THE DATA —
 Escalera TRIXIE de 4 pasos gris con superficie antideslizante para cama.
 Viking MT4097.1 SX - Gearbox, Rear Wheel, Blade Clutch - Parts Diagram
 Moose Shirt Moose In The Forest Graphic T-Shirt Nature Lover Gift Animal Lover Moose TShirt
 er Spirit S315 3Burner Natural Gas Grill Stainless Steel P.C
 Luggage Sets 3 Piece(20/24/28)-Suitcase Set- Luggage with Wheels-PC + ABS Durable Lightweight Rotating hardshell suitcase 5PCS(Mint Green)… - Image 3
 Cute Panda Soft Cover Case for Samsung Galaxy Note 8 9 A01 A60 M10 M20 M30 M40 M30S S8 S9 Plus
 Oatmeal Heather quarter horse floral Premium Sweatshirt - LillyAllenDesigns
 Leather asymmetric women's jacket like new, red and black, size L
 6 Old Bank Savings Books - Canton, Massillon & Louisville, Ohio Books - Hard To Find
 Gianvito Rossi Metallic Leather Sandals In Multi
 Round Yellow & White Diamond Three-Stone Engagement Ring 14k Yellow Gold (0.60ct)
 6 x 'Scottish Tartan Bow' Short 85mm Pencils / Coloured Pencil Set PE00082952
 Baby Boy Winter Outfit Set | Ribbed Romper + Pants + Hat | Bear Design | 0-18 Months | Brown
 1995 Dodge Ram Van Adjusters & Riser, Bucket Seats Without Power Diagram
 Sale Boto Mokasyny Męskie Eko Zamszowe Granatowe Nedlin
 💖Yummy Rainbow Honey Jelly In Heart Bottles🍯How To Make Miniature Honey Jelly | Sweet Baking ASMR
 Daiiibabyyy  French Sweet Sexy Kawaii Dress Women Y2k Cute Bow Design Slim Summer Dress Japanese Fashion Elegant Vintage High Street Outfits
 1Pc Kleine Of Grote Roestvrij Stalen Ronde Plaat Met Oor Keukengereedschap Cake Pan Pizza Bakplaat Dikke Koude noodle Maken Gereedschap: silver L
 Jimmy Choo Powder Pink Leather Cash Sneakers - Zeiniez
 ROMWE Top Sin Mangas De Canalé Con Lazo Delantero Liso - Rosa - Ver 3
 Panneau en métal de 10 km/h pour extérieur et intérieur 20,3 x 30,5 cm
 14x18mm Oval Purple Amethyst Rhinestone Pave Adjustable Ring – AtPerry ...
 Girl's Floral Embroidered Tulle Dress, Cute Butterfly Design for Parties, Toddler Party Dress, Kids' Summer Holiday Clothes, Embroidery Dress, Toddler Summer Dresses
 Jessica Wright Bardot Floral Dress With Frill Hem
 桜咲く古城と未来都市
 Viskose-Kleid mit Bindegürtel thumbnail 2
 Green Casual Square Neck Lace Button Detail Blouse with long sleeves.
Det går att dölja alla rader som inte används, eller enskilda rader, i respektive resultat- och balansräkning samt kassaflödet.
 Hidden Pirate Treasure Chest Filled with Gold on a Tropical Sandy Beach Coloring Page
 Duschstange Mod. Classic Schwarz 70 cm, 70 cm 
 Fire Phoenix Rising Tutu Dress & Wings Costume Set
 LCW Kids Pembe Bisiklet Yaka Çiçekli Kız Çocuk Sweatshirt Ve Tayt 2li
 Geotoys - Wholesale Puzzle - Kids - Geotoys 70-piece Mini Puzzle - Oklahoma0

EXERCISE DIRECTIONS — Above are the entries. Output exactly the lines beginning with the line that has "Round Yellow &" and ending with the line that has "High Street Outfits".

EXPECTED OUTPUT —
 Round Yellow & White Diamond Three-Stone Engagement Ring 14k Yellow Gold (0.60ct)
 6 x 'Scottish Tartan Bow' Short 85mm Pencils / Coloured Pencil Set PE00082952
 Baby Boy Winter Outfit Set | Ribbed Romper + Pants + Hat | Bear Design | 0-18 Months | Brown
 1995 Dodge Ram Van Adjusters & Riser, Bucket Seats Without Power Diagram
 Sale Boto Mokasyny Męskie Eko Zamszowe Granatowe Nedlin
 💖Yummy Rainbow Honey Jelly In Heart Bottles🍯How To Make Miniature Honey Jelly | Sweet Baking ASMR
 Daiiibabyyy  French Sweet Sexy Kawaii Dress Women Y2k Cute Bow Design Slim Summer Dress Japanese Fashion Elegant Vintage High Street Outfits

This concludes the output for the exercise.